* **Exercise aim**:
Reproduce exactly the lines from the top of the records below through the line holding "Writing Prompt: Describe".

Top of Records supplied

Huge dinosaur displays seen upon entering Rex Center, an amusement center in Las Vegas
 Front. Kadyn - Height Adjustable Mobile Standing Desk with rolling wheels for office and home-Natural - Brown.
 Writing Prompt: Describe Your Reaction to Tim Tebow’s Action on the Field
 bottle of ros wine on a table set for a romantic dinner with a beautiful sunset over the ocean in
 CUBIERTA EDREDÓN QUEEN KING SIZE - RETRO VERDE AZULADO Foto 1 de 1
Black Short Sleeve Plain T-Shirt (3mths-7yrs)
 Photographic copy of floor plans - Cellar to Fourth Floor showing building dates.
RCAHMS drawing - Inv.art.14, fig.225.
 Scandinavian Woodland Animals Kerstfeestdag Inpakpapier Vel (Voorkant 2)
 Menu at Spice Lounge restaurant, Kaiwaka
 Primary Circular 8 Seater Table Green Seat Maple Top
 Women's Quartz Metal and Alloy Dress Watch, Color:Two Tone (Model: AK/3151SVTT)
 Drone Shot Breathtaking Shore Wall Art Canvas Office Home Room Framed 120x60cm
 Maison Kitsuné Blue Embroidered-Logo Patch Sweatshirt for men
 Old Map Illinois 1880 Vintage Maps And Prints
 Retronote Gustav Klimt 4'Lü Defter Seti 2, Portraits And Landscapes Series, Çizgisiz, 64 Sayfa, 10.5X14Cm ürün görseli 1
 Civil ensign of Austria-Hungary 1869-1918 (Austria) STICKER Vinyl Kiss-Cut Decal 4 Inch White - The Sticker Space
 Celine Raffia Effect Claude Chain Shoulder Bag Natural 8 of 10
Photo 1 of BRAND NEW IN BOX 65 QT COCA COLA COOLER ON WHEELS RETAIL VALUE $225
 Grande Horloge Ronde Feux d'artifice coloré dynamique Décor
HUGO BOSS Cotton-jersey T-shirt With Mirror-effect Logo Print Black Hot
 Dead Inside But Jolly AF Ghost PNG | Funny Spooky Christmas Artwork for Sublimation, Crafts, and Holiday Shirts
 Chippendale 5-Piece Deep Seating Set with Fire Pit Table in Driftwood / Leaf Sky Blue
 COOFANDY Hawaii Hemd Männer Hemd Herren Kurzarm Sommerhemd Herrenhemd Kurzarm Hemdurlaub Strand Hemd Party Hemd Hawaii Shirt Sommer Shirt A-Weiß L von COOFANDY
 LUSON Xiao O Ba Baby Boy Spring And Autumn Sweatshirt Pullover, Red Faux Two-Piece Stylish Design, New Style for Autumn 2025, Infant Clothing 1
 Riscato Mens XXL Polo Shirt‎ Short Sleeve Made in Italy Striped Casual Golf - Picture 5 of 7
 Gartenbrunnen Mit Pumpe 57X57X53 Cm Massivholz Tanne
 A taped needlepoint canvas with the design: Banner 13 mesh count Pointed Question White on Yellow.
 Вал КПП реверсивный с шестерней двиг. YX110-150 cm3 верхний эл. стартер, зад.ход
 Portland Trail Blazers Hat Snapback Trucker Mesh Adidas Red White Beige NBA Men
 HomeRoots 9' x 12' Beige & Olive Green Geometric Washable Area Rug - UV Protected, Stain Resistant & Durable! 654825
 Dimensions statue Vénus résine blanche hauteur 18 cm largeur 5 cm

Bottom of Records supplied

* **Response**:
Huge dinosaur displays seen upon entering Rex Center, an amusement center in Las Vegas
 Front. Kadyn - Height Adjustable Mobile Standing Desk with rolling wheels for office and home-Natural - Brown.
 Writing Prompt: Describe Your Reaction to Tim Tebow’s Action on the Field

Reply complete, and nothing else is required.